The Progressive Movement re-enacted the denudation of An (the waters-above god) and the rape of Ki (the waters-below goddess) by Enlil (the air god).  This claim highlights the archaic features of the rise and establishment of the Public Cult.  We are not experiencing “progress”.  We are experiencing a Sumerian drama.

In 2012, American discourse is saturated with fear and loathing.  Christianity stands “naked” in the “public square”.  The Constitution lies raped by lawyer’s tongues.

Progressive complaints often follow the logic of “projection”.  The French Protestant complaint actually describes society after the success of the Progressive agenda.  The “strong” include “the central government, conformist media, self-anointed academia, government unions, crony capitalist bankers and lawyers, and so forth”.   The “Weak” include “small businesses, churches, two parent families, non-governmental non-union workers, and so forth”.

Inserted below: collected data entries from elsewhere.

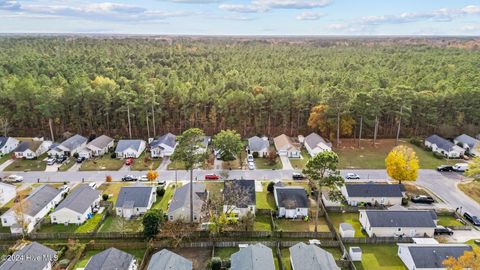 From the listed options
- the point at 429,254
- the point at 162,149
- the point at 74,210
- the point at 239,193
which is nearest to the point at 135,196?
the point at 74,210

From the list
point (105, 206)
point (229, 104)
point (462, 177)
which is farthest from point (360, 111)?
point (105, 206)

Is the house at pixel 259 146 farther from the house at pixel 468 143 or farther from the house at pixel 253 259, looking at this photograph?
the house at pixel 468 143

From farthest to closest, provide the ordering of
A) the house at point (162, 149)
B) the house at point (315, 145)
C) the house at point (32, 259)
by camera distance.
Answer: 1. the house at point (162, 149)
2. the house at point (315, 145)
3. the house at point (32, 259)

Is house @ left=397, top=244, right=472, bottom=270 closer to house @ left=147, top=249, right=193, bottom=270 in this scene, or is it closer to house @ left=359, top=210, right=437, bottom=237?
house @ left=359, top=210, right=437, bottom=237

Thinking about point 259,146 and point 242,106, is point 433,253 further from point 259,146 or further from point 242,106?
point 242,106

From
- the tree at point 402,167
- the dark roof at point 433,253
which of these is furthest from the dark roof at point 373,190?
the dark roof at point 433,253

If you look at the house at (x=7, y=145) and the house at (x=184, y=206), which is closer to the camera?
the house at (x=184, y=206)

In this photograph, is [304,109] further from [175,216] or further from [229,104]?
[175,216]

The roles have changed 40 years after this now-forgotten Projection – er – Declaration, revealing a lesson that should have been apparent long ago: Progressive complaints tell the world their unconscious, denied intentions.

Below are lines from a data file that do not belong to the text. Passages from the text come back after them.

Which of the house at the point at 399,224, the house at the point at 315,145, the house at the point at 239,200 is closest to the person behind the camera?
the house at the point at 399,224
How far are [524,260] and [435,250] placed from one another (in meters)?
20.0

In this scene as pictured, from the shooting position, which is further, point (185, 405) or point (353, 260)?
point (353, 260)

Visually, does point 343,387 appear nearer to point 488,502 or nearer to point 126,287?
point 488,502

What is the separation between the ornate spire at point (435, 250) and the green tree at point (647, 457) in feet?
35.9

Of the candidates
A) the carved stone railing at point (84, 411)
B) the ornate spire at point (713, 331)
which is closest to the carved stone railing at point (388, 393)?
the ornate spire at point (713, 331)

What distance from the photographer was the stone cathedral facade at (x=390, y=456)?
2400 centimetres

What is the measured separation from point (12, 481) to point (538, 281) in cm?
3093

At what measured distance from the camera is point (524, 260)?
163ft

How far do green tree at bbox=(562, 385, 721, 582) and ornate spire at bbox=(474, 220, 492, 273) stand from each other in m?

Progressives see the world through the mirror of projection and denial, just like the now-forgotten (another projection) Public Cults of Communism and Fascism.

07/25/13

Thoughts on Whatever Became of Sin? By Karl Menninger MD (1973) 2A

The second chapter of Menninger’s book layers further echoes Progressive complaints.  An editor asks: “What ails the American Spirit?”  Answers come from professors of government, history and humanities.  Menninger calls them “prophets”.

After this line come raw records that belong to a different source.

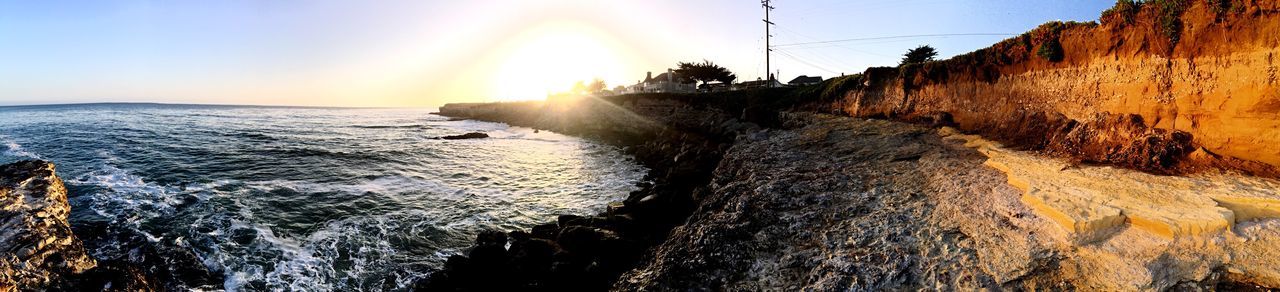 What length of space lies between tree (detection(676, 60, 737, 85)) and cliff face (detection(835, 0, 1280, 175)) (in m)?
40.9

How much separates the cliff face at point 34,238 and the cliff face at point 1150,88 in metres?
18.9

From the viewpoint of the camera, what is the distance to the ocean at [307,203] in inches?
378

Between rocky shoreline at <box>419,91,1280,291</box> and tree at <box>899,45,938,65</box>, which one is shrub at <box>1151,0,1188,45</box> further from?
tree at <box>899,45,938,65</box>

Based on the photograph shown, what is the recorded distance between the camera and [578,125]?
1898 inches

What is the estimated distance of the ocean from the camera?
31.5 feet

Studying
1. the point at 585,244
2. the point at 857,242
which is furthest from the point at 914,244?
the point at 585,244

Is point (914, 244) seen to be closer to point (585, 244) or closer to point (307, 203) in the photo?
point (585, 244)

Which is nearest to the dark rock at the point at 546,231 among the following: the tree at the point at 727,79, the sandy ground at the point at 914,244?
the sandy ground at the point at 914,244

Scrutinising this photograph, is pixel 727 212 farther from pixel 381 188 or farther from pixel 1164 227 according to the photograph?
pixel 381 188

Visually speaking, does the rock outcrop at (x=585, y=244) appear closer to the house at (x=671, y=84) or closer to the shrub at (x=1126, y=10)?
the shrub at (x=1126, y=10)

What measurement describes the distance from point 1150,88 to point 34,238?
21385mm

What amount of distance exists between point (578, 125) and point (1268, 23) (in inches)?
1737

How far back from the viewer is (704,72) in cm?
5531

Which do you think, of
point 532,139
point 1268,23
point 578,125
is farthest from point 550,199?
point 578,125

Menninger recounted the French Protestant’s Declaration (1972) of the unacceptability of the present economic and political system.  “The Strong dominate and manipulate the Weak in socioeconomic activities radically incompatible with the gospel”.

Then, Menninger asked: Who is to blame?  He suggested a re-reading of the parable in Matthew where the Master’s fields were sown with weeds after the grain was coming up.  In Menninger’s re-telling, the Master himself, unconscious, in his sleep, went out and sowed weeds into his own fields.

07/24/13

Thoughts on Whatever Became of Sin? By Karl Menninger MD (1973) 1B

What to make of Menninger’s “brief and biased view of moral history”?  Consider chapter 1 in An Archaeology of the Fall, written in a similar stream of consciousness, 40 years later.  Both

-Identify that “something is wrong”

-Note the spiritually disfiguring growth of the United States of America

-Identify Lincoln’s death as a turning point (In Whatever: A cryptotheological formula – an immortal leader martyred: In An Archaeology: the Union was born)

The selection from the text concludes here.